Initial experiments are promising, when using the sorted Laplacian spectrum as the features for building a classifier model. Even with small samples, it seems to show the following:

  • We can tell lineage splitting from a complete network from a probabilistic nearest neighbor model
  • We can’t tell PNN models from each other given different shapes (aspect ratio) to the region

This comes from building a multi-class GB tree model from sc-1, sc-3, sc-4-nn, and sc-4-nn, and predicting the data generating model from a 10% holdout set.

The classifier results hold pretty steady in a qualitative sets regardless of the random train/test split.
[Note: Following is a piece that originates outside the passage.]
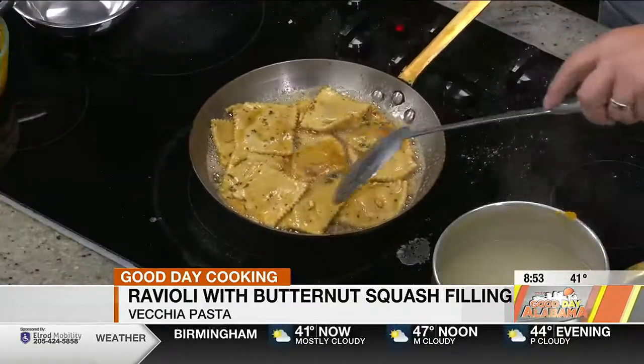We're gonna go to break. We'll see the finished product when we come back. Looks so good. How did we do?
What doesn’t hold steady is the prediction and class probabilities for the PFG continuity graph. I get different answers depending upon the train/test split, which is probably a function of:

  • Insufficient diversity in the network models used in simulation – I need many examples of each network model
  • Sample size overall

Given that there isn’t much overlap in the overall classification itself, my guess is that if we could look at this in the 10 dimensional space of the eigenvalues used, we would see that:

  • The PFG seriation is actually not deeply embeeded in the convex hull of points for any of the classes, but is near the edge of several or even all
  • That the decision boundaries shift a lot with respect to the area where the PFG seriation is located

Given this, a different train/test split could shift a decision boundary very slightly, without having a major impact on the overall confusion matrix among models, and thus change the predicted assignment for the PFG sample.

We might be able to visualize something like the above by using a dimensionality reduction technique and mapping the models against say the first 3 principal components, and then putting PFG on the map. Worth a try.

Computational Next Steps

But removing this issue and getting stable predictions for PFG is going to be a function of:

  • More classes of network models, since PFG might not really be well described by any of the existing ones
  • More network models per class
  • More samples of simulations per network model (or model class)

While I develop more network models, I will probably start doing the second and third for the existing four models, but with PNN models collapsed down to a single model. I don’t have the formal infrastructure yet for doing multiple realizations of a single network model, so that’s the first step.